Expectations

This morning I got up really early, stressed about lesson plan, came just in time to cut up some exercise materials, and delivered a 2-hour English class to a group of young shy Indonesians. I thought this part of my life ended a long time ago, but the truth is I never stopped reaping the benefit of how I got my foot in the door. It still plays a part. Even as a culture specialist, in an e-commerce business, in fashion and retail, about as far away as those distant teaching assistant days – I still end up translating and teaching basic English.

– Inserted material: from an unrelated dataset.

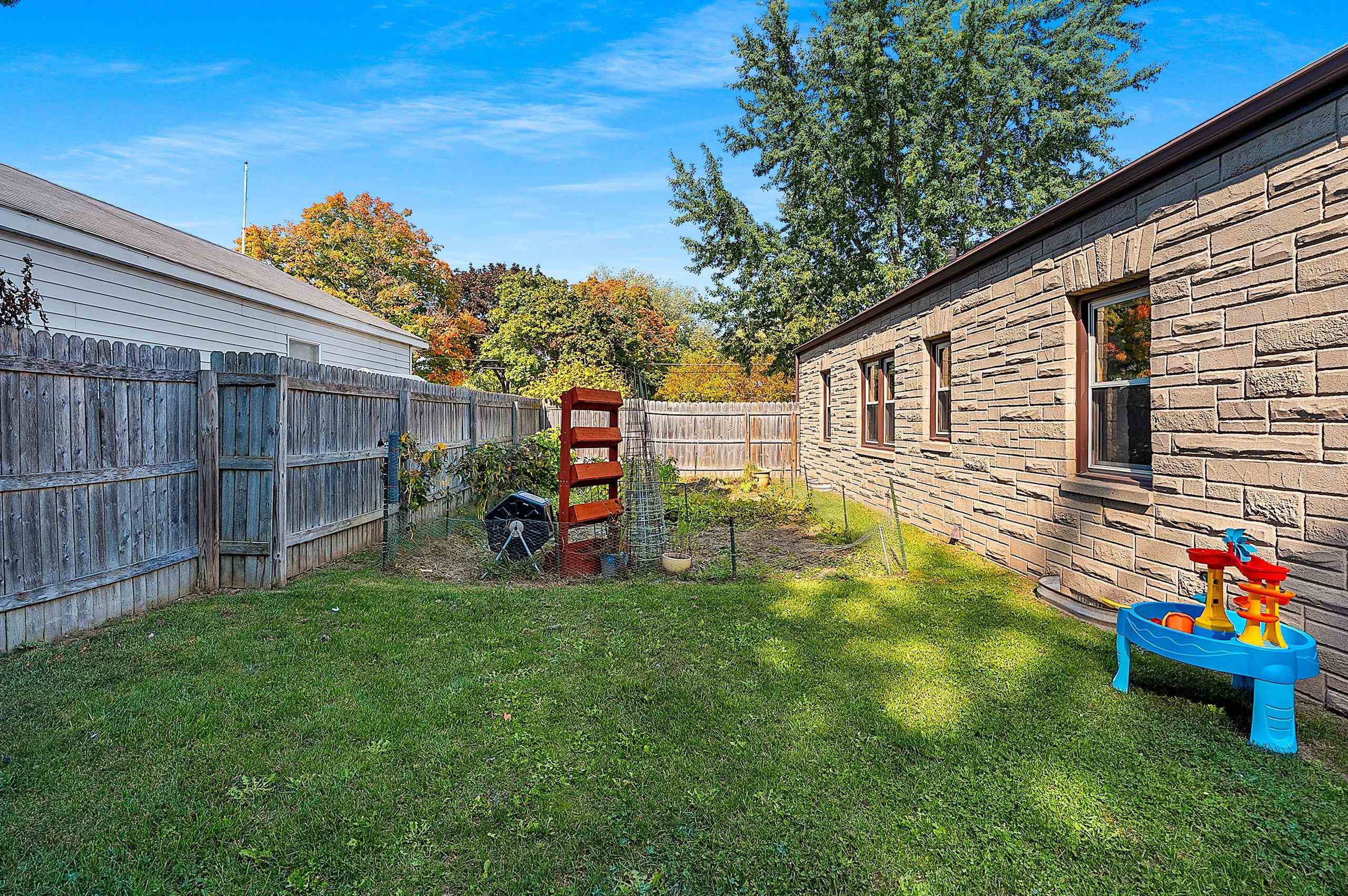 Kaukauna, Wisconsin 54130, United States, 3 Bedrooms Bedrooms, ,1 BathroomBathrooms,Residential,Active,213378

And boy, do I miss it. To see the students’ face as their brows furrow over the “rule” I just scribbled on the board, their hesitant, quiet murmurs to my first sample sentence, which I followed up with a much more commonly used, sensible sentence, and their expression moved from concerned to shocked, their eyes grew, as they realized they knew the sentence, they could apply the rule, and they were speaking the English they didn’t knew they had. And of course they had it all along. It was just a matter of extraction.
There is nothing – nothing at all – that matches the pleasure of watching that shocked expression, that switch. They don’t last long, those looks, as most people quickly snapped out of it and regained control. You lost their eyes as they look down to write notes, the moment of truth disappears, to be replaced by “learning”. That’s okay. All part of the process. If you’re lucky, or really good at what you do, you can witness the Expression probably many times in one sitting. But every  one you get is precious enough. You can almost hear the clicks inside their brain, lessons being recalled, and finally, correctly stored for later use. For an instant, they will speak with wondrous curiosity, as if enthralled by their own intelligence, wanting to see what else was in there. If you care what they think – and why on earth wouldn’t you? – it can feel like a burden sometimes. Walking into a first-time session is always a mystery, but as they sat there looking at me expectantly, I thought there’s no other way than forward. It was what kept me going when I started at 19, and now, almost hitting 30, I seem to have come full circle. I’m reminded of the simple yet intense gratification of teaching.